Si te apartas unos kilómetros del asfalto y te lo propones, volverás a casa con un ramo vegetal: esquejes de mil clases de árboles o arbustos, lanzas finas de innumerables especies de hierbas coronadas de mil formas de semillas, o las flores que te tropiezas. Solo se necesita una cierta sensibilidad, paciencia, capacidad de observación y un mínimo sentido de la armonía. Y, claro, ganas, necesidad de verte acompañado de la más humilde de las bellezas: la silvestre.
Al observar cómo ella encuentra en una cantera abandonada rarísimas orquídeas salvajes, o cómo la flor de cardo de la cuneta luce en un enorme jarrón, enamorada del lentisco, solo puedo recordar los memorables despistes de mi padre camino de la faena o al regreso de ella. “Sigue tú con las bestias, niño, voy a tu encuentro antes de que llegues al arroyo Romano”. Sabía que volvería con algo rico para comer o picotear. En todo caso, siempre traía un regalo. En ocasiones, eran dos buenas almorzadas de arvejanas verdes o una borsillá de cornachos; otras, un buen manojo de hinojos entresacados y recién lavados en el arroyo. Tras otros trasiegos, acudía con el sombrero lleno de setas de álamo o de cardo. También de fonses pequeños, nuestros humildes boletus o sabrosos gurumelos.

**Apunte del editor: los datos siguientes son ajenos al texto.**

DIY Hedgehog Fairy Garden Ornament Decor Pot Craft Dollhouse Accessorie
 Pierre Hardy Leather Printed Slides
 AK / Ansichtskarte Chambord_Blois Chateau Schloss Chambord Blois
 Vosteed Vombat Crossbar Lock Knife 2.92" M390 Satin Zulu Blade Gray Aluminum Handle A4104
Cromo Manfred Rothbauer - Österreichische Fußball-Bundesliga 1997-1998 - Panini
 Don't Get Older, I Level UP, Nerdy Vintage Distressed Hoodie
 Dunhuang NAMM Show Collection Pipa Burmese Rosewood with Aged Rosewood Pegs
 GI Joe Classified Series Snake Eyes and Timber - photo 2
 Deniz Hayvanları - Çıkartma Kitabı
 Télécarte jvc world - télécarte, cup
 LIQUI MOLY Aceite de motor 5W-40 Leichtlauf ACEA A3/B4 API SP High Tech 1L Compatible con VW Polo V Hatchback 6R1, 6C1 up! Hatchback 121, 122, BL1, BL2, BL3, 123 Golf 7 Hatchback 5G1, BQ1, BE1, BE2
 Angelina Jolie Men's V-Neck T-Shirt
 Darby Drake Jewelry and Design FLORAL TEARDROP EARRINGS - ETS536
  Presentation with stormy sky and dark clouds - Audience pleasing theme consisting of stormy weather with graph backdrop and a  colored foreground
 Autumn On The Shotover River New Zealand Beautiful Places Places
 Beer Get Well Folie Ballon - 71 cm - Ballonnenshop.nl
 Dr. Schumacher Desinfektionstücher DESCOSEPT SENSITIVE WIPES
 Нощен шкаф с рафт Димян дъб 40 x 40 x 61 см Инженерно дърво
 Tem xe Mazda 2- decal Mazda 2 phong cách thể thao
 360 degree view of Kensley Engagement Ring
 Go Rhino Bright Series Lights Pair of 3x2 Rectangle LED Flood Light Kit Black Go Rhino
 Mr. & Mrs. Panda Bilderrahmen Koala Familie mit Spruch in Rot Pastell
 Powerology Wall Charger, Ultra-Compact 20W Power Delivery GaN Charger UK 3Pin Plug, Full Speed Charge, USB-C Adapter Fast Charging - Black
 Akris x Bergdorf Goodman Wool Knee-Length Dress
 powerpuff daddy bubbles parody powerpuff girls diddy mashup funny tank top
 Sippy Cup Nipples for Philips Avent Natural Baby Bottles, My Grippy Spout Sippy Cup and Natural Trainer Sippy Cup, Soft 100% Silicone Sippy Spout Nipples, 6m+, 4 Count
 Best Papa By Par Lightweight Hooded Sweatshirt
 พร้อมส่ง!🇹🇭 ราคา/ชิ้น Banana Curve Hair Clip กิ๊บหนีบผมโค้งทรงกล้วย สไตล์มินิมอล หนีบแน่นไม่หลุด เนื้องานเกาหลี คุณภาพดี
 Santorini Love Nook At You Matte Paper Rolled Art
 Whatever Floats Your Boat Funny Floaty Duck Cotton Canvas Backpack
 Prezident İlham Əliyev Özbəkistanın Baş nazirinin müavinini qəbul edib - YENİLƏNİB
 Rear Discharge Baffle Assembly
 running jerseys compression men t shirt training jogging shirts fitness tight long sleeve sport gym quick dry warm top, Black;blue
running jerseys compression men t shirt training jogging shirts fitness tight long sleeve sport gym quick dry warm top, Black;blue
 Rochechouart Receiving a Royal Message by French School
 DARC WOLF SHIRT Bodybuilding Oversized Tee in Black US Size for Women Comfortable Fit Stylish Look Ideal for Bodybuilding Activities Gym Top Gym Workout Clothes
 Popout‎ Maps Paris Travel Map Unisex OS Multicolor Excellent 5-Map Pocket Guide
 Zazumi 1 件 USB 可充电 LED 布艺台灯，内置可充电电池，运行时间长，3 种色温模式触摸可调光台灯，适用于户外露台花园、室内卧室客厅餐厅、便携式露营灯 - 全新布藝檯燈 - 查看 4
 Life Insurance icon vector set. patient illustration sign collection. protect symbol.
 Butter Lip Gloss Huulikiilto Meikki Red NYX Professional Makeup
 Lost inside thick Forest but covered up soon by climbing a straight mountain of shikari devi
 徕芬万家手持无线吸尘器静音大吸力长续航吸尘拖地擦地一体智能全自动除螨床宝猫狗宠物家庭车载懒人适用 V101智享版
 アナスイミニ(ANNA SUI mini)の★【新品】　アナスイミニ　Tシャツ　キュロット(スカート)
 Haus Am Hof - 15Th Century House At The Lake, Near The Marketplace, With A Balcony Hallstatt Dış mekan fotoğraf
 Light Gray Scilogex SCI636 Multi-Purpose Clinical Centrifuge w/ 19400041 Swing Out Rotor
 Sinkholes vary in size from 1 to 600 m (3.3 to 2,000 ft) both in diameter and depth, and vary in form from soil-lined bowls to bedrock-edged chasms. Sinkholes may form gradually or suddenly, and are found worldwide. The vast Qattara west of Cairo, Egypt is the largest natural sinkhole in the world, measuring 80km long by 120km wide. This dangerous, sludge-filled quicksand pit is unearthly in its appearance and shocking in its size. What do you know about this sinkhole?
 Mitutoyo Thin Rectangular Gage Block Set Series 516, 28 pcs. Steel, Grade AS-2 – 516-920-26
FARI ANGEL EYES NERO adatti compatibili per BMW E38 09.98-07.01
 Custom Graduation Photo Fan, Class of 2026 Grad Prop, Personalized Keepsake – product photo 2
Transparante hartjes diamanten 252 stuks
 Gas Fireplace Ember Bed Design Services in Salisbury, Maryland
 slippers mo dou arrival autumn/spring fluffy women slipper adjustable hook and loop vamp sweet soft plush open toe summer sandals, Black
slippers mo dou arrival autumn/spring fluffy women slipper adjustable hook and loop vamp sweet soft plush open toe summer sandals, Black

Un jarrón repleto de rosas mantosas
Tras uno de sus garbeos llegó anunciando con la expresión felicísima de su cara algo extraordinario. ¡Había alcanzado a un perdigoncillo a peón! Lo mantenía entre sus manos con la suavidad de la gamuza y la seguridad del cerrojo. Lo crió mi abuelo. “Canta bien, pero es dispar”, decía. Lo llamó Pío. Tras otra perdida, acudió con cuatro huevos de paloma. Blanquísimos. “Los cocerá tu madre y verás qué buenos están en la ensalada”. No los comí.
Y así, mil milagros más que darían para decenas de folios. Siendo algo mayor, observé un día en la mesa de la sala de estar de mi casa un jarrón repleto de rosas mantosas. Me maravillaron. “Las trajo anoche tu padre. Casi nunca trae flores, con lo que a mí me gustan”. “Pero ayer sí, estará enamorado”. “¿Qué? Jajajajaja”.